China’s already crowded health care system is getting ready for a peak in COVID infections.
China is expecting a peak in COVID-19 infections within a week, according to a health official. Authorities are worried that this will put more stress on the country’s health system, even though they continue to play down the severity of the disease and say that no new deaths have been reported.
In response to a growing outbreak and widespread protests against its “zero-COVID” regime of lockdowns and testing, China started taking it apart this month, making it the last major country to move toward living with the virus.
Its efforts to keep things under control had slowed the economy to its slowest rate of growth in almost 50 years and slowed down trade and supply chains around the world. As more and more Chinese workers get sick, more problems are likely to happen in the short term, but the economy is expected to get better by the end of next year.
Related: The world worries about a new wave of China’s COVID and thinks about how to help Xi.
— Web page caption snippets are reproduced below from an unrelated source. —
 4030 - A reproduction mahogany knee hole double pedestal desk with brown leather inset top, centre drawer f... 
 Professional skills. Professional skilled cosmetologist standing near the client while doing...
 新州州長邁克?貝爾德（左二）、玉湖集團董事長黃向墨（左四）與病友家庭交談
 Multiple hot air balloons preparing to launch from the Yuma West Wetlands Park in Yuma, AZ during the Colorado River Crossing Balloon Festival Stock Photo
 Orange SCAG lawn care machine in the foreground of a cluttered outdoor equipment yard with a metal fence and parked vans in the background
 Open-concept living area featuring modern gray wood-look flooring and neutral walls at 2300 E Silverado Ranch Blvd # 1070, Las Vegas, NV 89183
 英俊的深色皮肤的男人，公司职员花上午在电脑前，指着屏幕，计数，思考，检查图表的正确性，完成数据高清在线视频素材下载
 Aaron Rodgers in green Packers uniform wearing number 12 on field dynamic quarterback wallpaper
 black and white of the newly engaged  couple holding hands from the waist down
China reported fewer than 4,000 new COVID cases with symptoms on Dec. 22, and for the third day in a row, no new COVID deaths. Authorities have made it harder to qualify as a COVID death, which has been criticised by many disease experts.
The director of China’s National Center for Infectious Diseases, Zhang Wenhong, was quoted in The Paper, a newspaper backed by the Shanghai government, on Thursday. He said that China “is expected to reach the peak of infections within a week.”
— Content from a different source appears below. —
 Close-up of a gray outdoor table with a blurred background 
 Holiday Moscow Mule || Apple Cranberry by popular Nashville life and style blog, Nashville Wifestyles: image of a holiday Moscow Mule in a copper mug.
“The peak infection will also increase the number of severe diseases, which will have an effect on all of our medical resources,” he said, adding that the wave would continue for another one or two months after that.
“We have to be mentally ready for the fact that we will get sick.”
Still, Zhang said that he had been to nursing homes around Shanghai and seen that there were not many older people with severe symptoms.
Stock markets in China, Hong Kong, and other parts of Asia went down because people were worried about the short-term effects of China’s COVID wave. The yuan also lost value.
This week, a British health data firm called Airfinity said that the official data on infections and deaths in China is “in stark contrast” to what the real numbers are.
A hospital in Shanghai said that by the end of next week, half of the city’s 25 million people would be sick. Experts say that more than a million COVID deaths could happen in China next year.
China’s sudden policy change caught a weak health system by surprise. Hospitals were scrambling to find beds and blood; pharmacies were scrambling to find drugs; and government officials were rushing to build clinics.
More than a dozen global health experts, epidemiologists, locals, and political analysts who were interviewed by Reuters said that the strain on China’s medical infrastructure was caused by not vaccinating the elderly and not telling the public about an exit plan, as well as putting too much emphasis on getting rid of the virus.
Since three weeks ago, people have been trying to get older people to get vaccinated. China’s overall vaccination rate is higher than 90%, but the rate drops to 57.9% for adults who have had booster shots and to 42.3% for people 80 and older, according to government data.
People said that China spent a lot of money on testing and quarantine facilities over the past three years instead of improving hospitals and clinics and training medical staff.
“They have had a lot of time to get ready for the virus, but they haven’t done nearly enough,” said Leong Hoe Nam, an infectious diseases doctor at Singapore’s Rophi Clinic.
The National Health Commission of China did not answer questions about the criticisms.
There are nine COVID shots made in the country that are approved for use. All of them are thought to be less effective than vaccines made in the West that use the new mRNA technology.
A spokesperson for the German embassy in Beijing told Reuters on Friday that a shipment of 11,500 BioNTech mRNA vaccines for German citizens in China had arrived.
A spokesperson for the embassy said that they hoped the first doses would be given out “as soon as possible.”
Since China got rid of its “zero-COVID” policy, the WHO hasn’t heard from China about any new COVID hospitalizations. The WHO has said that gaps in data could be because Chinese officials are having trouble keeping track of cases.
In response to growing doubts about Beijing’s statistics, U.S. Secretary of State Antony Blinken said Thursday that all countries, including China, need to share information about their experiences with COVID.
As COVID spreads through China, people who used to be isolated for long periods are now learning to live with it.
Related: As the number of COVID cases rises, people around the world are worried.
Yang Zengdong, a Chinese teacher, is happy about the change in policy. His whole family is sick with COVID and is staying in their downtown Shanghai apartment. A few weeks ago, they would have all been sent to a quarantine facility, and their building would have been locked.
Yang said, “When I think about this situation, all I can think is, wow, we are so lucky that we can now stay at home and be alone.”
“We have to deal with this wave because we can’t keep our doors shut forever.”